(Action item) Only the pictures stay out; every record is to be quoted exactly.

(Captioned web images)

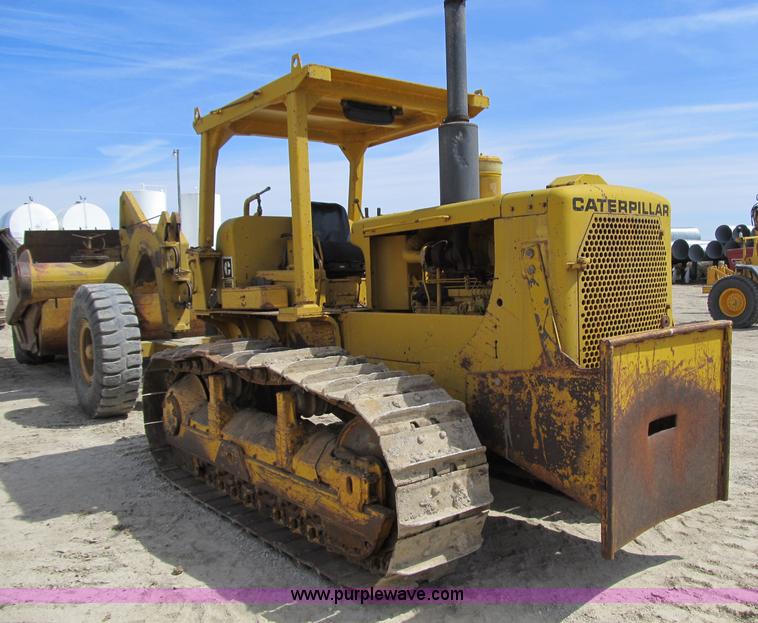 image for item 4144 1976 Caterpillar D6C dozer with towed scraper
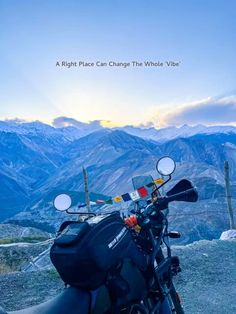 a motorcycle parked on the side of a mountain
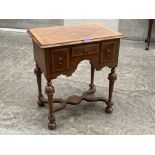 A William and Mary style walnut lowboy of recent manufacture. 24' wide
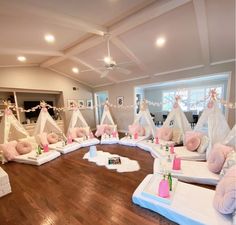 a room filled with lots of pillows and teepees on top of wooden floors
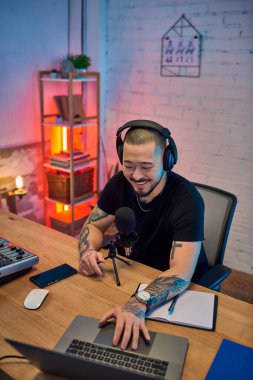 Dövmeleri olan yakışıklı bir Asyalı stüdyoda podcast yapıyor..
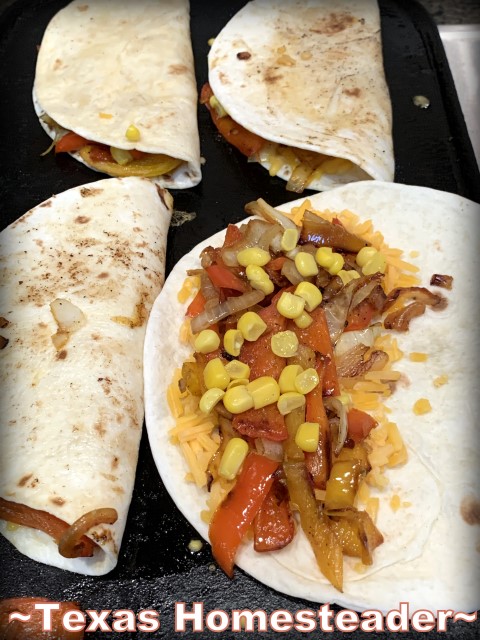 Assembling the Southwest Quesadillas. A quick yet company-worthy meal is Southwest Quesadillas. Freshly grilled veggies, corn & black beans with cheese tucked into a flour tortilla. #TexasHomesteader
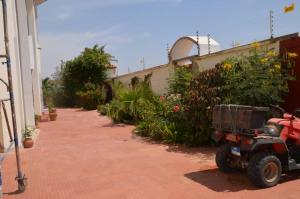 a small vehicle parked outside of a building at villa térangart saly in Saly Portudal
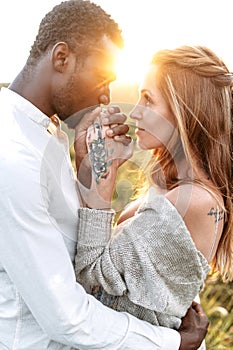 Tender multiracial couple in love outdoor
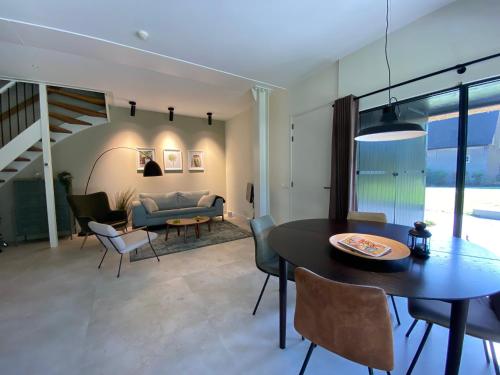 a dining room and living room with a table and chairs at Landgoed Nuwenhuys in Breda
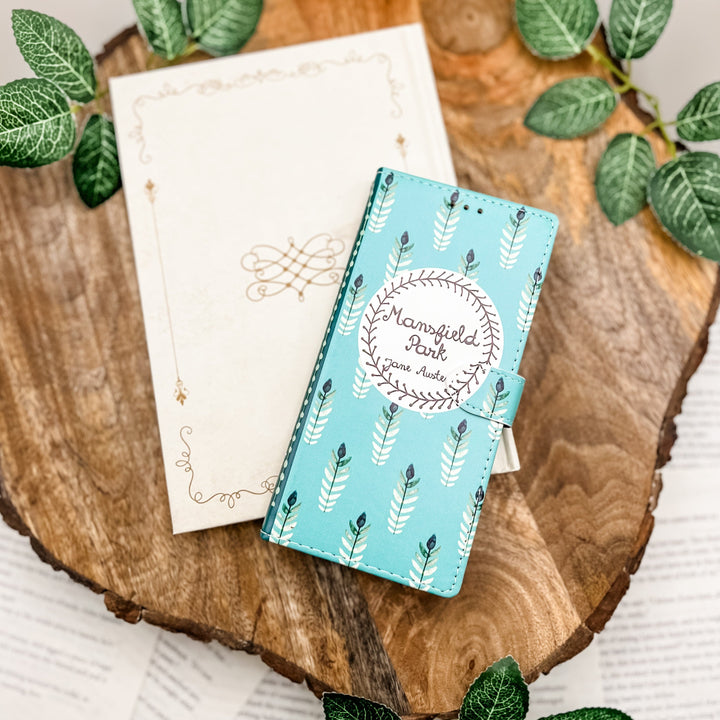 The front of a book-shaped phone case inspired by Mansfield Park by Jane Austen. The phone case sits on a white book cover on a wood slice surrounded by greenery.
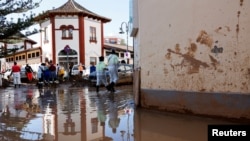 Volunteers clean up around a marketplace affected by flooding in Catarroja, Valencia, Spain, Nov. 11, 2024.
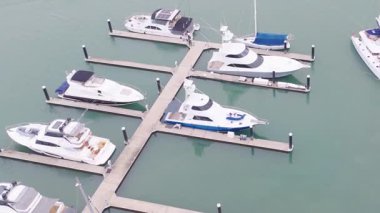 Avustralya, Port Douglas 'taki bir marinaya yanaşmış tekneleri görüntülüyor. Sakin sular ve berrak gökyüzü sakin bir atmosfer yaratır.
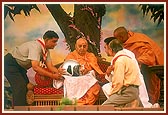 Swamishri inaugurates a helmet for motorcyclists specially made by the Sanstha for BAPS volunteers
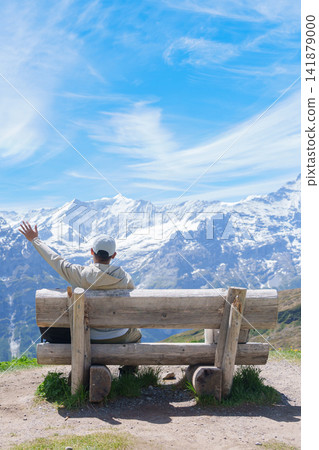 man Tourist Explore Grindelwald First, Switzerland in Summer. Happy Hiker Sit on Bench with Swiss Alps in Jungfrau Region. Famous Tourist Attraction, Travel Destination and Hiking Trail in Europe man Tourist Explore Grindelwald First, Switzerland in Summer. Happy Hiker Sit on Bench with Swiss Alps in Jungfrau Region. Famous Tourist Attraction, Travel Destination and Hiking Trail in Europe 141879000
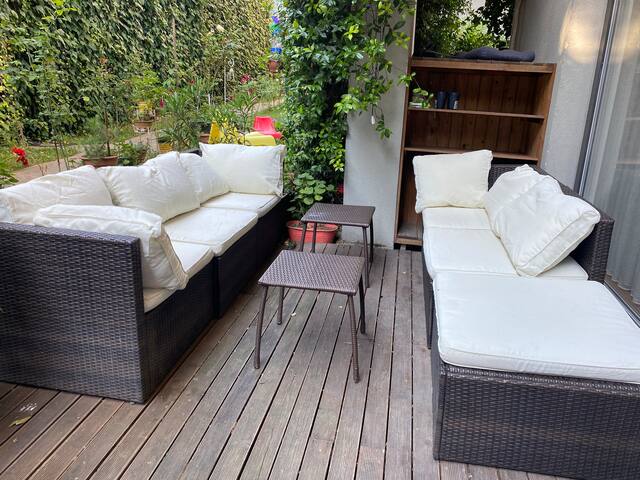 Spacious apartment with garden and swimming pool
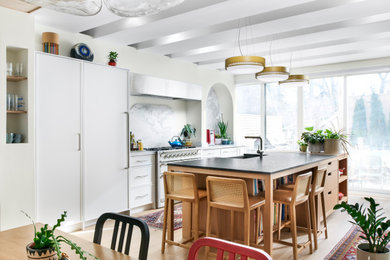 Inspiration for a large eclectic single-wall light wood floor and exposed beam eat-in kitchen remodel in Toronto with a farmhouse sink, shaker cabinets, white cabinets, granite countertops, multicolored backsplash, stone slab backsplash, paneled appliances, an island and black countertops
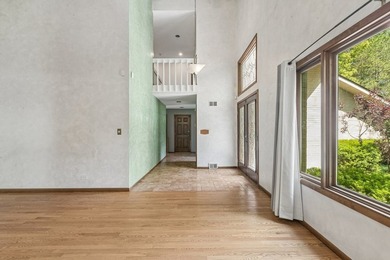This contemporary 5-bedroom, 2.5-bath home sits on 1.4 wooded - photo 7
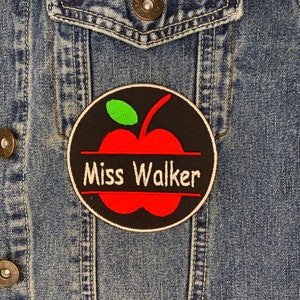 May include: A red apple with a green leaf on a black circle with a white border. The text "Miss Walker" is written on a white banner across the apple.
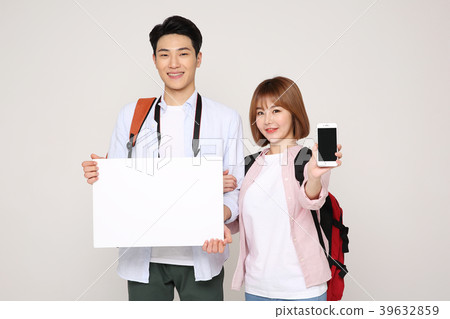 Happy young traveler couple concept photo. set out on a trip to honeymoon, camping and summer vacation concept isolated on white background. 223 Happy young traveler couple concept photo. set out on a trip to honeymoon, camping and summer vacation concept isolated on white background. 223 39632859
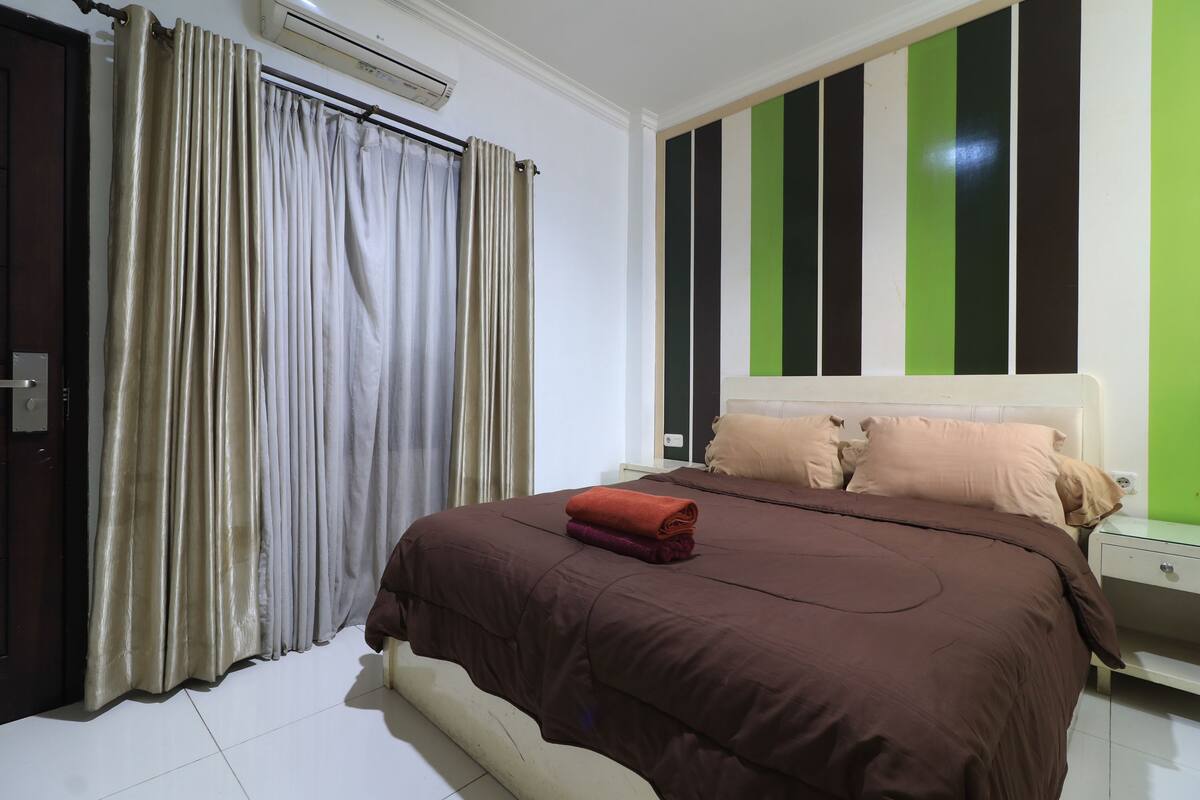 A bedroom with a bed, curtains, a nightstand, and a wall with vertical stripes.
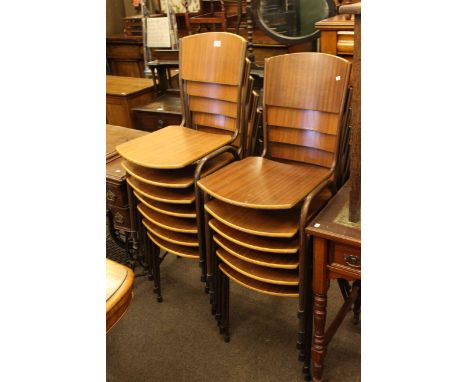 Set of thirteen vintage stacking chairs.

(Answer below)
 image for item 4144 1976 Caterpillar D6C dozer with towed scraper
 a motorcycle parked on the side of a mountain
 A William and Mary style walnut lowboy of recent manufacture. 24' wide
 a room filled with lots of pillows and teepees on top of wooden floors
 Dövmeleri olan yakışıklı bir Asyalı stüdyoda podcast yapıyor..
 Assembling the Southwest Quesadillas. A quick yet company-worthy meal is Southwest Quesadillas. Freshly grilled veggies, corn & black beans with cheese tucked into a flour tortilla. #TexasHomesteader
 a small vehicle parked outside of a building at villa térangart saly in Saly Portudal
 Tender multiracial couple in love outdoor
 a dining room and living room with a table and chairs at Landgoed Nuwenhuys in Breda
 The front of a book-shaped phone case inspired by Mansfield Park by Jane Austen. The phone case sits on a white book cover on a wood slice surrounded by greenery.
 Volunteers clean up around a marketplace affected by flooding in Catarroja, Valencia, Spain, Nov. 11, 2024.
 Avustralya, Port Douglas 'taki bir marinaya yanaşmış tekneleri görüntülüyor. Sakin sular ve berrak gökyüzü sakin bir atmosfer yaratır.
 Swamishri inaugurates a helmet for motorcyclists specially made by the Sanstha for BAPS volunteers
 man Tourist Explore Grindelwald First, Switzerland in Summer. Happy Hiker Sit on Bench with Swiss Alps in Jungfrau Region. Famous Tourist Attraction, Travel Destination and Hiking Trail in Europe man Tourist Explore Grindelwald First, Switzerland in Summer. Happy Hiker Sit on Bench with Swiss Alps in Jungfrau Region. Famous Tourist Attraction, Travel Destination and Hiking Trail in Europe 141879000
 Spacious apartment with garden and swimming pool
 Inspiration for a large eclectic single-wall light wood floor and exposed beam eat-in kitchen remodel in Toronto with a farmhouse sink, shaker cabinets, white cabinets, granite countertops, multicolored backsplash, stone slab backsplash, paneled appliances, an island and black countertops
This contemporary 5-bedroom, 2.5-bath home sits on 1.4 wooded - photo 7
 May include: A red apple with a green leaf on a black circle with a white border. The text "Miss Walker" is written on a white banner across the apple.
 Happy young traveler couple concept photo. set out on a trip to honeymoon, camping and summer vacation concept isolated on white background. 223 Happy young traveler couple concept photo. set out on a trip to honeymoon, camping and summer vacation concept isolated on white background. 223 39632859
 A bedroom with a bed, curtains, a nightstand, and a wall with vertical stripes.
 Set of thirteen vintage stacking chairs.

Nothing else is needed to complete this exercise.